Dira-t-on que ces résultats sont atténués par la présence à Bruxelles d’un prince pensionnaire du gouvernement britannique ? Argument de gazette dont la réfutation sort du fond même des choses. Qui ne sait que le souverain de la Belgique subira constamment l’influence française, qu’il sera notre allié nécessaire, de fait, sinon de droit, parce que, pressé et menacé par la Hollande, il ne peut vivre que par la France ? Le cabinet de Saint-James a le bon esprit de ne se préoccuper guère des sympathies personnelles du prince qui règne ou pouvait régner à Lisbonne : il sait très bien que le prince du sang de Beauharnais, de Saxe ou de Bragance appartiendra toujours à l’Angleterre, parce qu’il lui faudra vendre ses vins de Porto et se défendre contre l’Espagne.

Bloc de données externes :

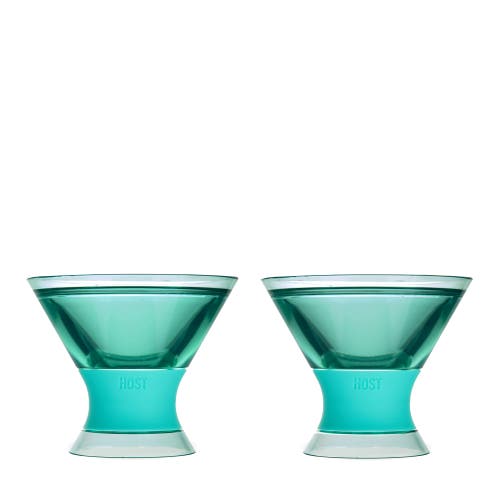 Host Martini Freeze Cooling Cup Set Of 2 In Aqua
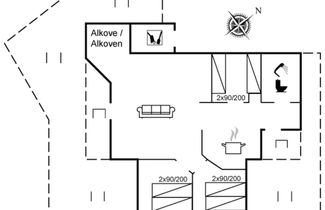 Foto 2 - Casa de 3 quartos em Otterup com terraço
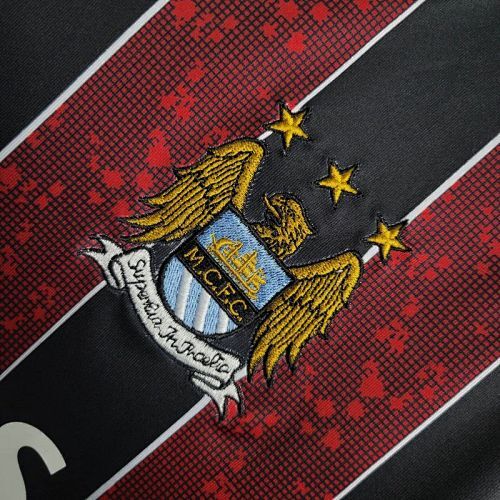 Maillot Manchester City Rétro Extérieur 2008/2009 — vue 4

La France domine en Belgique au même titre que la Grande-Bretagne en Portugal, et il entra autant de vanité que de politique dans le refus de la conférence de ratifier l’élection de M. le duc de Nemours. C’était ôter une couronne à un prince français sans ôter une annexe à la France.

Cette résistance pourtant se conçoit mieux que la neutralité perpétuelle, l’une des niaiseries diplomatiques les mieux étoffées de ce siècle. Prétendre appliquer l’état exceptionnel de la Suisse, contrée agricole et pastorale, ceinte d’inaccessibles remparts, sans communications obligées avec ses voisins, état, d’ailleurs, si peu respecté dans les derniers temps, à la Belgique, pays ouvert et hérissé de places fortes, qui, au premier coup de canon, seront occupées par la France, pour qu’elles ne le soient pas par la Prusse ; à la Belgique, puissance commerciale et maritime, qui ne peut vivre que par des traités : c’est là ce que le gros bon sens d’un bourgeois appellerait une extravagance, et ce que n’a pas craint de décréter la plus haute autorité politique de l’Europe.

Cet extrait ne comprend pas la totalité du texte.